Fourth, there could be serious changes in coaching in 2018-19 that could yield gains. With the team becoming worse in possession, shot prevention, and more under John Hynes and his staff, the initial thought it was due to the players. That was not wrong. However, last season started to make me wonder whether Hynes is the guy going forward. With Miles Wood, he kept his lines to a dump-and-chase style that did Wood and his own team a disservice. Despite getting drowned in the run of play, Hynes kept Greene together with Ben Lovejoy for many defensive zone starts and tough match-ups where the Devils were often pinned back. Hynes did punish Damon Severson for mistakes that other defenders made, who were left unpunished. I am mystified by those who question Severson’s defensive play while ignoring John Moore, where upon his presence on the ice tends to lead the Devils to become shot-sieves. I am not saying this can be corrected or that Hynes needs to be fired. But if there are not any signs of improvement, then Shero can justifiably move on from Hynes in 2018 and get someone who can elevate a roster to that next level.
Fifth, we could see some real sea changes in the Metropolitan Division. The window for Washington may close down a little in 2016-17 and could do so further in 2017-18. Ditto for a Rangers squad that also has yet to “get over the hump.” It remains to be seen how the Islanders and Flyers approach the future. With the division looking ferocious on paper in this season, the following season may make it more possible for the Devils to make their way up the standings.
Lastly, yes, a not-so-good 2017-18 season will likely yield another high-end prospect and other solid draft picks to bolster the team’s pipeline of prospects. I do not think it is as simple or necessary as to fall for Rasmus Dahlin. Especially since it is July 2017, prospect rankings will change a lot between now and next June, and the top three picks are decided by a lottery anyway. But the point remains: the Devils could unearth a NHL player in the 2018 NHL Entry Draft that could step in and contribute in 2018-19 while also being a part of the team’s future. It could be someone to help put the Devils over the top.
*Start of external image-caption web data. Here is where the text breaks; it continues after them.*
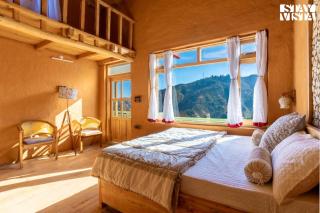 StayVista at Jillmora Heights- BBQ & Bonfire - Nainital - 4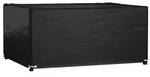 vidaXL Gartenm&ouml;bel-Abdeckung 8 &Ouml;sen 180x135x80 cm Rechteckig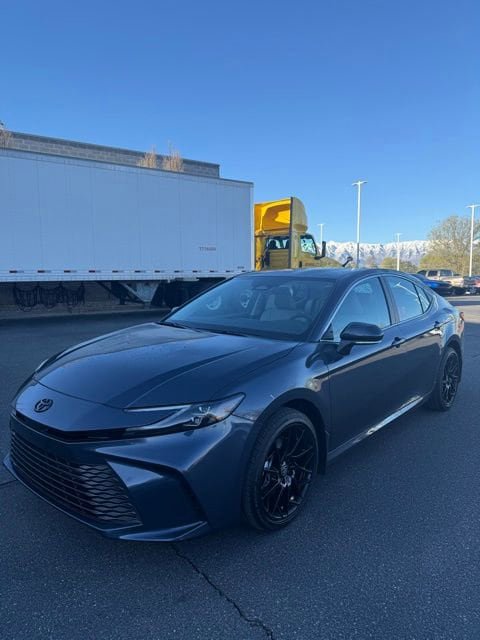 New 2026 Toyota Camry XLE AWD/4WD image 2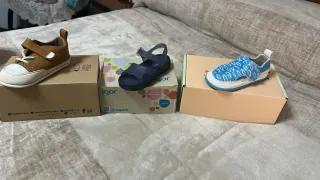 Zapatillas bebé niño/niña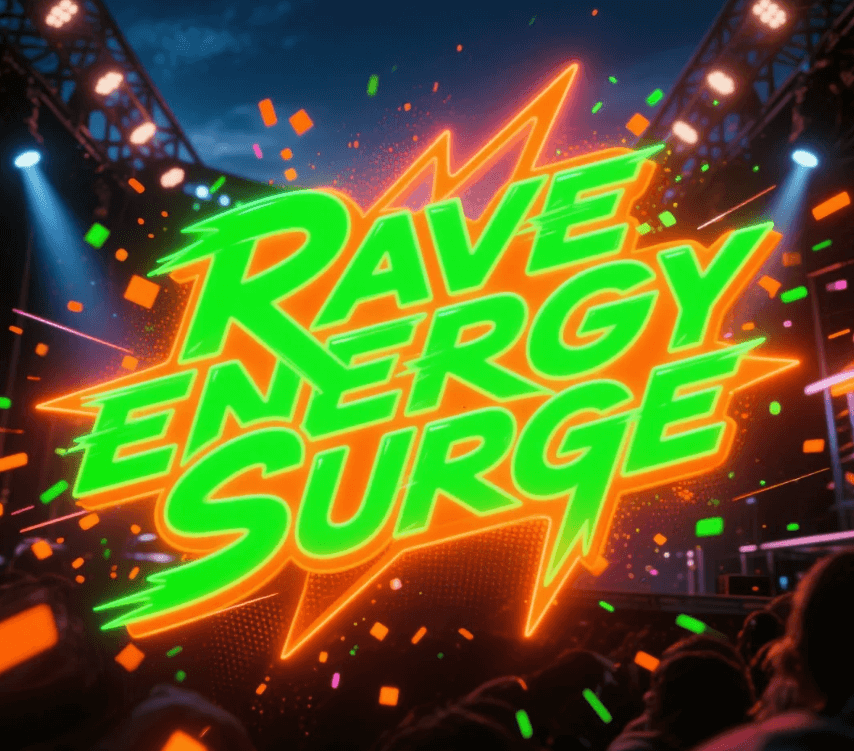 Rave Energy Surge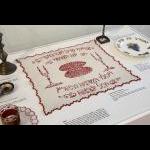 6. 11. 2025 – Vlastivědné muzeum - výstava židovská (Foto: Milan Dvořáček a Petra Kozáková)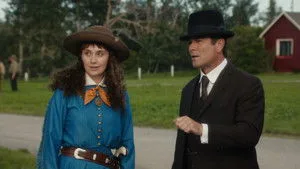 Devil in the Saddle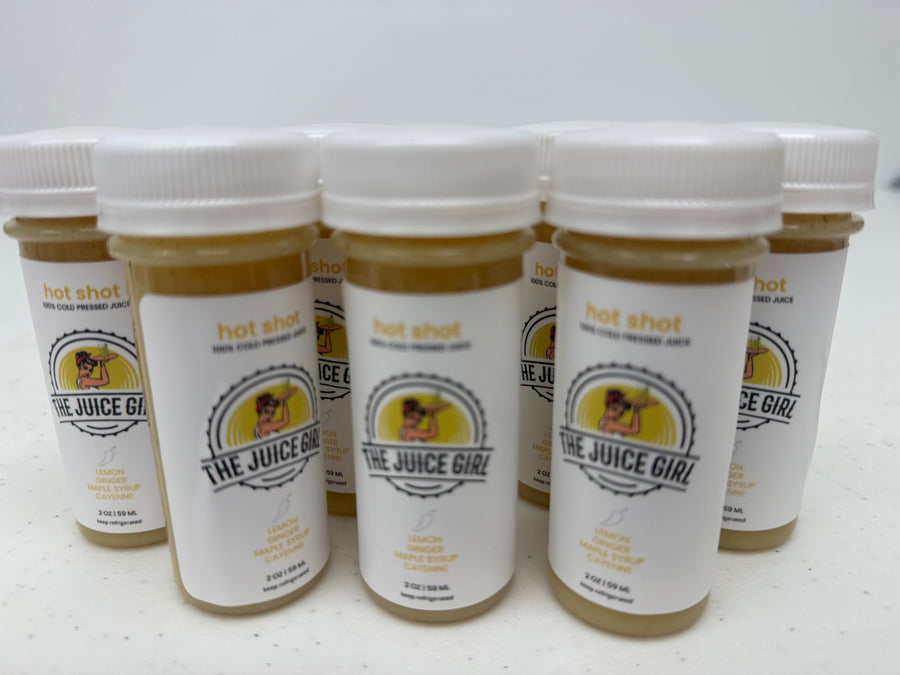 5-Pack Cleanse Drinks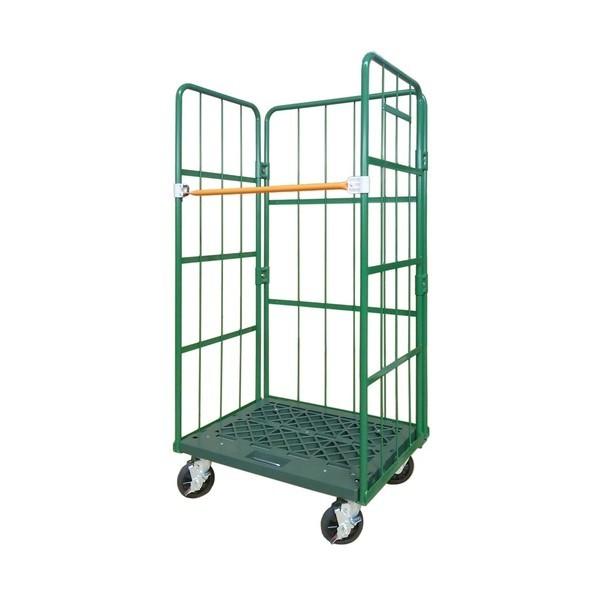 ヤマト・インダストリー Ｌ型ロールコンビテナー（×1台） LRC80PG 1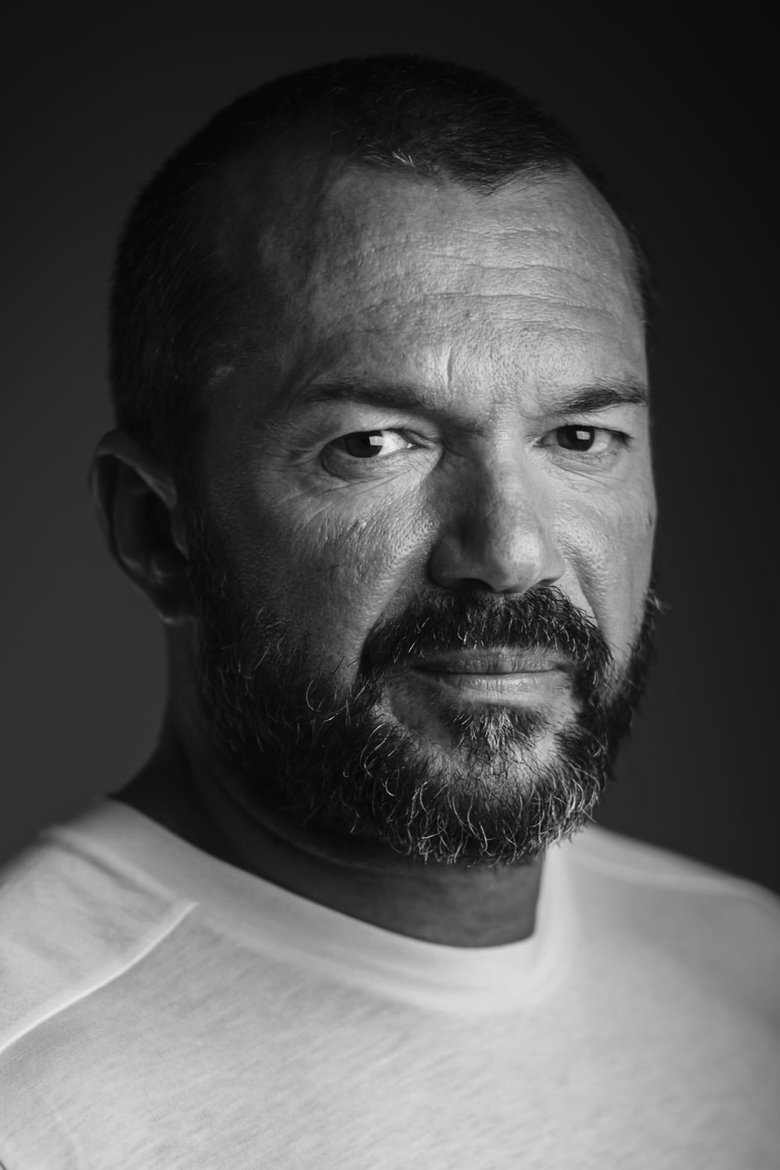 Paulo Manso Portrait of Paulo Manso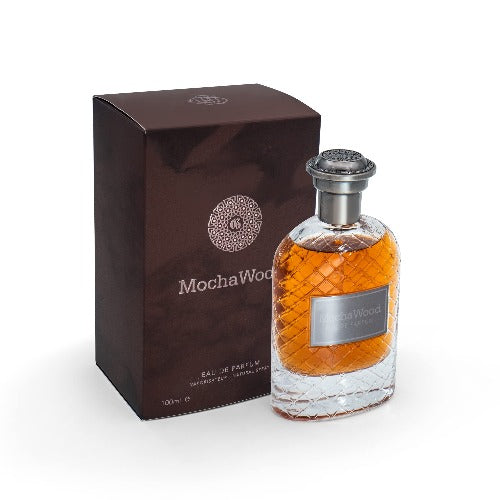 Fragrance World Mocha Wood Eau De Parfum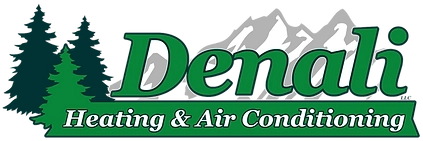 Denali Heating & Air Conditioning Logo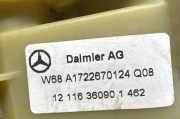 Schalthebel Mercedes-Benz SLK (R172) A1722670124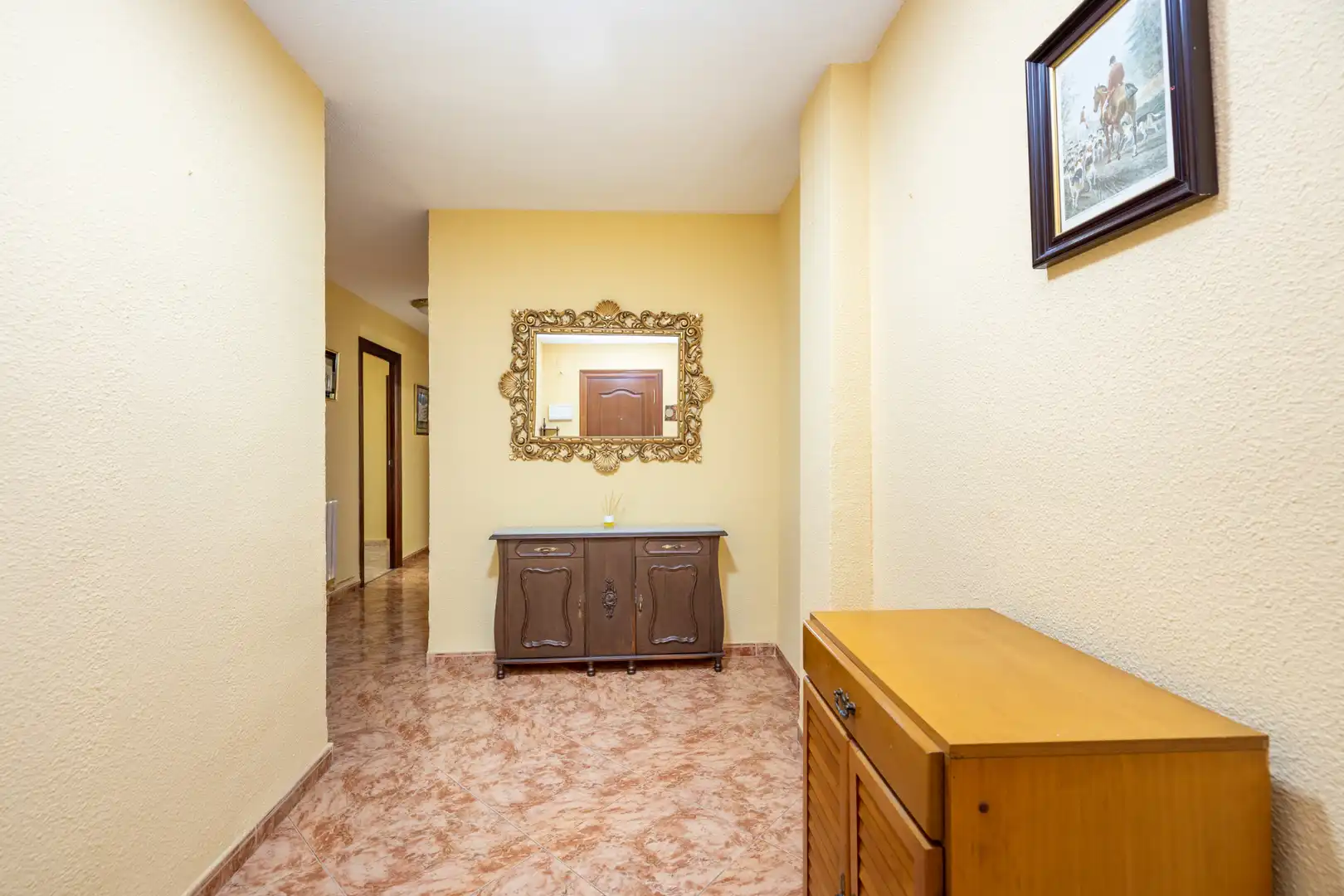 Piso de alquiler en Granada con Calefacción, Amueblado y Lavadora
I will admit to being biased towards Zacha’s statement. I do personally want the Devils to make a point of it to get to the postseason in 2018-19. The re-building has to actually build to something and, by then, it would be the fourth season under Shero’s reign. I can understand and even appreciate the gutting of the roster over the past two seasons. But eventually there has to be results from all of these moves. Planning 2016-17 as a non-playoff year would make it six straight seasons without the playoffs. They were made with the understanding that this will make the Devils a more competitive squad in the future. The team can promote patience as much as they’d like, but at some point, there needs to be something coming out of all of this. To that end, I was happy to see Zacha - one of the young players the Devils are hoping will be good enough to build around - state that they have to do it next year. It’s evidence that could be the larger plan. If the Devils could address their defensive needs, utilize more effective tactics, and get real growth out of their younger players, then it is possible. I think it is reasonable to think a push for the postseason can happen in 2018-19. I think the Devils should do so.
And if not - then we should really question what Shero and ownership has in mind.